From the entries below, return exactly the lines beginning at the one that contains "Чорний Кіа Оптіма, об'ємом" and ending at the one that contains "dik meisje gretig", both of them included, and only those lines.

——

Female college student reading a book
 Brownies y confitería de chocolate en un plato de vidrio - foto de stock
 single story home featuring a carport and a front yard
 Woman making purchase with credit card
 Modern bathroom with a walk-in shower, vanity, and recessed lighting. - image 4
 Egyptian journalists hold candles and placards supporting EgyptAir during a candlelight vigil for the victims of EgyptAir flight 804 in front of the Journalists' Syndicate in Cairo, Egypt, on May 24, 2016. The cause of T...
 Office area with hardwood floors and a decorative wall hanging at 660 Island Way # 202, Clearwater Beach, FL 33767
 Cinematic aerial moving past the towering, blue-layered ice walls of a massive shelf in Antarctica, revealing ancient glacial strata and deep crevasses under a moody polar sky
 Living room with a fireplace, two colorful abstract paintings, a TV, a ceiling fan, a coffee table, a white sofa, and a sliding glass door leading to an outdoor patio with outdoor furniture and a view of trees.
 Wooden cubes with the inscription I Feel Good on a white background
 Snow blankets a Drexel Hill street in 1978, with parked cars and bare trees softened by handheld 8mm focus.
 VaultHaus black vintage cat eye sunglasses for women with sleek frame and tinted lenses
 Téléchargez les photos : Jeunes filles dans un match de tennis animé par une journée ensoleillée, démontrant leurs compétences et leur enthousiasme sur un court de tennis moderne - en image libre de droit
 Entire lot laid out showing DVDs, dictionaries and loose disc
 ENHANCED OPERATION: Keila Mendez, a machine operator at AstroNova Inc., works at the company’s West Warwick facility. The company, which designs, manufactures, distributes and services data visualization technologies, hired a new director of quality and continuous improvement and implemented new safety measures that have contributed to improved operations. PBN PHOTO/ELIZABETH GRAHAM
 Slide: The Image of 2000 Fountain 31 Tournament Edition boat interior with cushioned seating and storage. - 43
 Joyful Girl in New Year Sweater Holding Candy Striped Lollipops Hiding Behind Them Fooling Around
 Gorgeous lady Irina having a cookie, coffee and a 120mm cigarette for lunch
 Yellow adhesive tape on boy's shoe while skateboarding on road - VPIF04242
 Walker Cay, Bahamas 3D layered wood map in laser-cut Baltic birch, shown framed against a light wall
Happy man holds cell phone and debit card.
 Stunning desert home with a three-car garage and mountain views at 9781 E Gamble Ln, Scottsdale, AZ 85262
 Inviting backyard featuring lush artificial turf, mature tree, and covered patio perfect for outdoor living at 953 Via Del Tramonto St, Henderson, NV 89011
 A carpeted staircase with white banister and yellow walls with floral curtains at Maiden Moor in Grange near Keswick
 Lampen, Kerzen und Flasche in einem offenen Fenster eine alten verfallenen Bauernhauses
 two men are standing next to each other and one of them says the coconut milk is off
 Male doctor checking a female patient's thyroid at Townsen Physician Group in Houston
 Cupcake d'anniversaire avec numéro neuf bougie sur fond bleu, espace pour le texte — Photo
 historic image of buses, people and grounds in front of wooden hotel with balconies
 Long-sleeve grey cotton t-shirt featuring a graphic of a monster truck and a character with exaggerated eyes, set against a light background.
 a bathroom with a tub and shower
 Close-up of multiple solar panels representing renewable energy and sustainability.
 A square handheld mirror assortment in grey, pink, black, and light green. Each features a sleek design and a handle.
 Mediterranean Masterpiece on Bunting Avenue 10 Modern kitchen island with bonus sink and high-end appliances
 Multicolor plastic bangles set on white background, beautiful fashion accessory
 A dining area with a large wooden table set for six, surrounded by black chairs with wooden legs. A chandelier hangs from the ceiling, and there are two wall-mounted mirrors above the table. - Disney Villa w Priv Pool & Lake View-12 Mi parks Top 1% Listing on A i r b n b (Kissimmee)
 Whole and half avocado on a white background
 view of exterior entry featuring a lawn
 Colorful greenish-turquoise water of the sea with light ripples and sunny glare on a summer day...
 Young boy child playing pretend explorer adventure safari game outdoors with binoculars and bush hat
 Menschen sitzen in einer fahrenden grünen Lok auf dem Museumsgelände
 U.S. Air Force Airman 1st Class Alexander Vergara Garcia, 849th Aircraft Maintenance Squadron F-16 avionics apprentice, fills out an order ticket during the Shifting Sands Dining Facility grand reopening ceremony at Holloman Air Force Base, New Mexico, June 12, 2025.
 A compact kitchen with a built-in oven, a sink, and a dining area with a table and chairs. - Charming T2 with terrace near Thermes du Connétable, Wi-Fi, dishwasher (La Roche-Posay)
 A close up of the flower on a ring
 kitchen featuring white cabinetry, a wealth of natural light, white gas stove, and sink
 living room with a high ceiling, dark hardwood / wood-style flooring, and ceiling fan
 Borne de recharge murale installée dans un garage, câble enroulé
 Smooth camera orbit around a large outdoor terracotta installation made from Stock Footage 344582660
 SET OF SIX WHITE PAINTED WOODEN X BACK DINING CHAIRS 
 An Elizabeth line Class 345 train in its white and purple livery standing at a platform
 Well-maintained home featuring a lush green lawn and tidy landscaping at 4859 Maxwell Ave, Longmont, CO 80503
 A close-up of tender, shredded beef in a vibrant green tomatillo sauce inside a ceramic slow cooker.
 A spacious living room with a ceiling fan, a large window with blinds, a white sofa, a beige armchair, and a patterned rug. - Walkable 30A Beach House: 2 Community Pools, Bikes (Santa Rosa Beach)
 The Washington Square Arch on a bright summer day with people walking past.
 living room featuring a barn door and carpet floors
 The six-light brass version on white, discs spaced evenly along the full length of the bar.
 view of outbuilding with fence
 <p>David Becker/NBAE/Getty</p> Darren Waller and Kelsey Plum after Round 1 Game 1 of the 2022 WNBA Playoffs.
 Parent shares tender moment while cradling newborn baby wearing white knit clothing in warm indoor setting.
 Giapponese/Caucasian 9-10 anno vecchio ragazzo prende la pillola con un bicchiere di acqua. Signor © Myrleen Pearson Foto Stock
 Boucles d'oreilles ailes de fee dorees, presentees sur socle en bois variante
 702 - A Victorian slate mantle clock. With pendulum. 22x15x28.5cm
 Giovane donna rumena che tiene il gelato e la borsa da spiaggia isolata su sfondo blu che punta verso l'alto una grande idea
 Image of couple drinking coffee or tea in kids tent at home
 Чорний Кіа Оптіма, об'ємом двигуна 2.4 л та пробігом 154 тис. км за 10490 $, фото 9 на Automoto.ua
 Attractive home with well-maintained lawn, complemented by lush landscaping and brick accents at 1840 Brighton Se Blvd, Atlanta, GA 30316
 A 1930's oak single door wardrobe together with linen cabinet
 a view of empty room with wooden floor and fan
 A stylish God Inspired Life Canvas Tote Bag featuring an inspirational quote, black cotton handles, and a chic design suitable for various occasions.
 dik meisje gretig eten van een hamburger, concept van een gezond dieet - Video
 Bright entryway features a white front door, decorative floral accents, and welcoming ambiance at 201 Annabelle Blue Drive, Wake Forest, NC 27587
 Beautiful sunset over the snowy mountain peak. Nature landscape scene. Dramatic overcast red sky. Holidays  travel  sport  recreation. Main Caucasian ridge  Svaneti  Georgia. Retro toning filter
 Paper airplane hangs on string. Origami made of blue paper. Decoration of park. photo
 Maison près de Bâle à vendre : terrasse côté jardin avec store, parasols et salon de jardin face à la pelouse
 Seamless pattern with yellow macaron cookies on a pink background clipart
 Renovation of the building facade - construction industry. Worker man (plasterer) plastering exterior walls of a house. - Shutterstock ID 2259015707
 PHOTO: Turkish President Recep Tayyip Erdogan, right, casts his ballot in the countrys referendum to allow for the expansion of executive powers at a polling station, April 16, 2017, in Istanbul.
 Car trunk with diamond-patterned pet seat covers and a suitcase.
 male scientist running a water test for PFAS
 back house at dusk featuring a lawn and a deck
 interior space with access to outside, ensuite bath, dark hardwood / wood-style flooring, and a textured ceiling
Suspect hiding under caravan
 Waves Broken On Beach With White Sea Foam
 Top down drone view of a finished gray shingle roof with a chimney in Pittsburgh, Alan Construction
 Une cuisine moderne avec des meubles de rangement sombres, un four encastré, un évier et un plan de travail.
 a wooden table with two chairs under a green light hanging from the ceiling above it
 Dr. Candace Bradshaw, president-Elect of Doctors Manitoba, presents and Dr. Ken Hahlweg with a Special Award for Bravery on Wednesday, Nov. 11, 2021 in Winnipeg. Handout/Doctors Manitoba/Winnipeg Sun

——

Answer to the problem –
 Чорний Кіа Оптіма, об'ємом двигуна 2.4 л та пробігом 154 тис. км за 10490 $, фото 9 на Automoto.ua
 Attractive home with well-maintained lawn, complemented by lush landscaping and brick accents at 1840 Brighton Se Blvd, Atlanta, GA 30316
 A 1930's oak single door wardrobe together with linen cabinet
 a view of empty room with wooden floor and fan
 A stylish God Inspired Life Canvas Tote Bag featuring an inspirational quote, black cotton handles, and a chic design suitable for various occasions.
 dik meisje gretig eten van een hamburger, concept van een gezond dieet - Video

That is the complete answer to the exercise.